Looking to purchase a sleeve to teach young dogs the inner arm bite. Which do people recomend and where to purchase it from? Thanks


----------



## Selena van Leeuwen (Mar 29, 2006)

We use this type of sleeve

http://leerburg.com/JN030.htm


----------



## kerry engels (Nov 7, 2010)

Selena van Leeuwen said:


> We use this type of sleeve
> 
> http://leerburg.com/JN030.htm


 
We use the same style at our club.


----------



## Brian Anderson (Dec 2, 2010)

I make my own but they are real similiar to the ones posted above. Just flip it around where the flared part is across the front. Careful of the occasional armpit catch lol


----------



## Dennis Trzcinski (Jan 17, 2008)

Have any of you used this sleeve 
http://hortonsquality.com/Level-2-Belgian.html


----------



## Geoff Empey (Jan 8, 2008)

Dennis Trzcinski said:


> Have any of you used this sleeve
> http://hortonsquality.com/Level-2-Belgian.html


That doesn't look bad for the price I'd give it a go. The only thing though is says it is a "snug fit on the arm" So that says to me if you have bigger arms it will be tight as hell. I have a couple of Can-Ams, Pejkos and a Seyneave like in the link Selena posted the Seyneave is a better sleeve, but I think it is built to fit a 9 year old boys arm. One of my training decoys is 230 lb goes to the gym all the time and when one of the older dogs bites him in that sleeve he can't slip it.


----------



## Dave Colborn (Mar 25, 2009)

Dennis Trzcinski said:


> Looking to purchase a sleeve to teach young dogs the inner arm bite. Which do people recomend and where to purchase it from? Thanks


Don't rule out a leg sleeve either if you have one on hand.

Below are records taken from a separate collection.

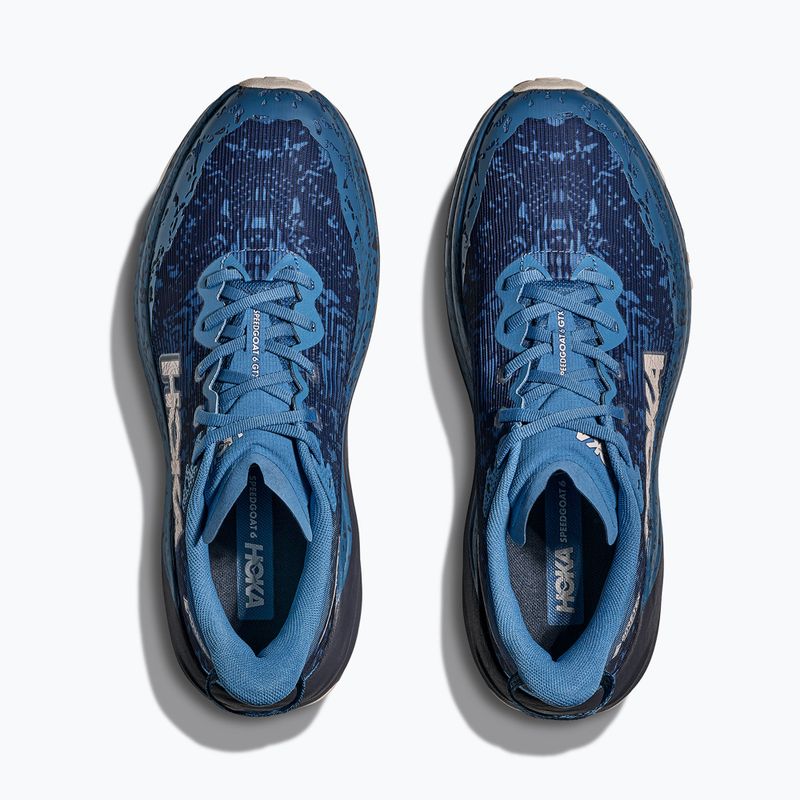 Încălțăminte de alergare pentru bărbați HOKA Speedgoat 6 GTX foggy night/charcoal grey 8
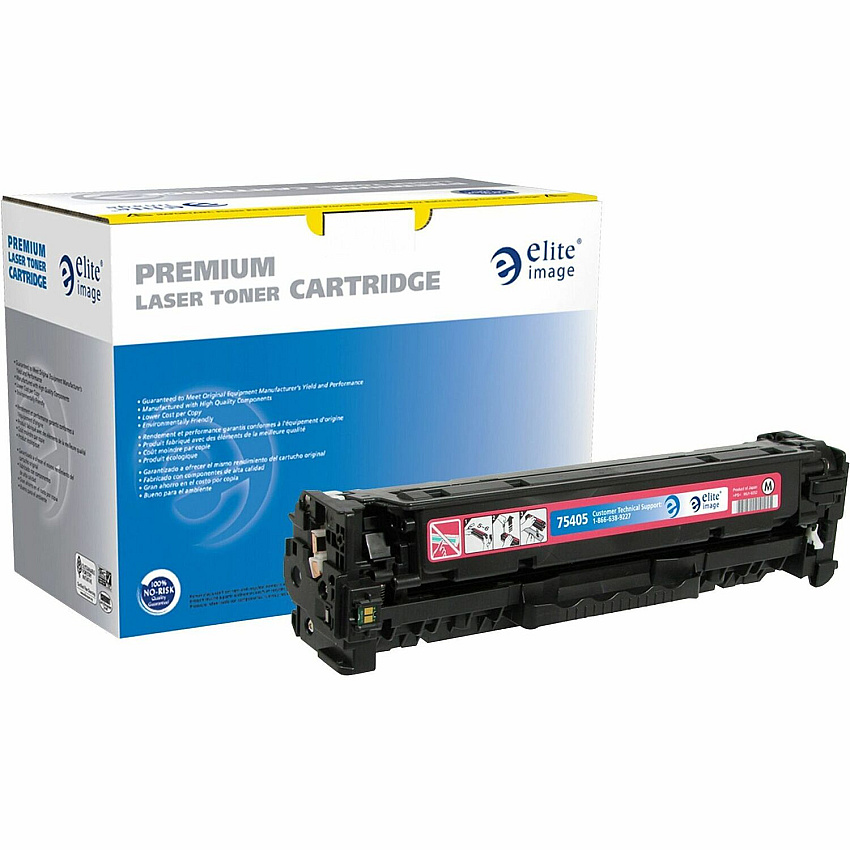 Elite Image Remanufactured Toner Cartridge - Alternative for HP 304A (CC533A) (ELI75405)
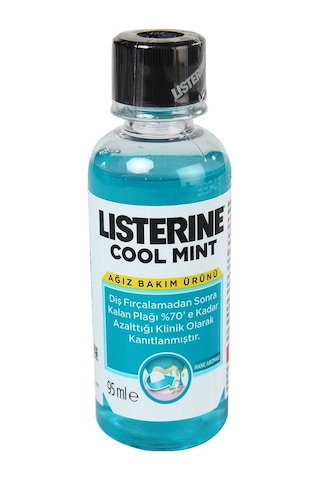 Listerine Cool Mint Ağız Bakım Suyu 95 ML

not a good fit, but it will work in a pinch if you have one.


----------



## Zakia Days (Mar 13, 2009)

Geoff Empey said:


> That doesn't look bad for the price I'd give it a go. The only thing though is says it is a "snug fit on the arm" So that says to me if you have bigger arms it will be tight as hell. I have a couple of Can-Ams, Pejkos and a Seyneave like in the link Selena posted the Seyneave is a better sleeve, but I think it is built to fit a 9 year old boys arm. One of my training decoys is 230 lb goes to the gym all the time and when one of the older dogs bites him in that sleeve he can't slip it.


stop going to the gym.


----------



## Joby Becker (Dec 13, 2009)

I like the Euro Joes too..


----------



## Thomas Barriano (Mar 27, 2006)

Zakia Days said:


> stop going to the gym.


 I stopped going to the gym because the bite sleeve was too tight.
Yeah that's my story from now on. 

I've got a Euro Sport full length padded sleeve that works well for inner arm bites.


----------



## jim stevens (Jan 30, 2012)

Zakia Days said:


> stop going to the gym.


I have one of these sleeves, I am 5'9 170, but I go to the gym and the sleeve is hard to slip on my arms. I have turned it around and done some inside bites. You will get bit on occasion though. I have the level 2 and a 18 mo old dog and honestly she bites too hard for it. I'd go up a level.


----------



## Joby Becker (Dec 13, 2009)

jim stevens said:


> I have one of these sleeves, I am 5'9 170, but I go to the gym and the sleeve is hard to slip on my arms. I have turned it around and done some inside bites. You will get bit on occasion though. I have the level 2 and a 18 mo old dog and honestly she bites too hard for it. I'd go up a level.


up 2 levels


----------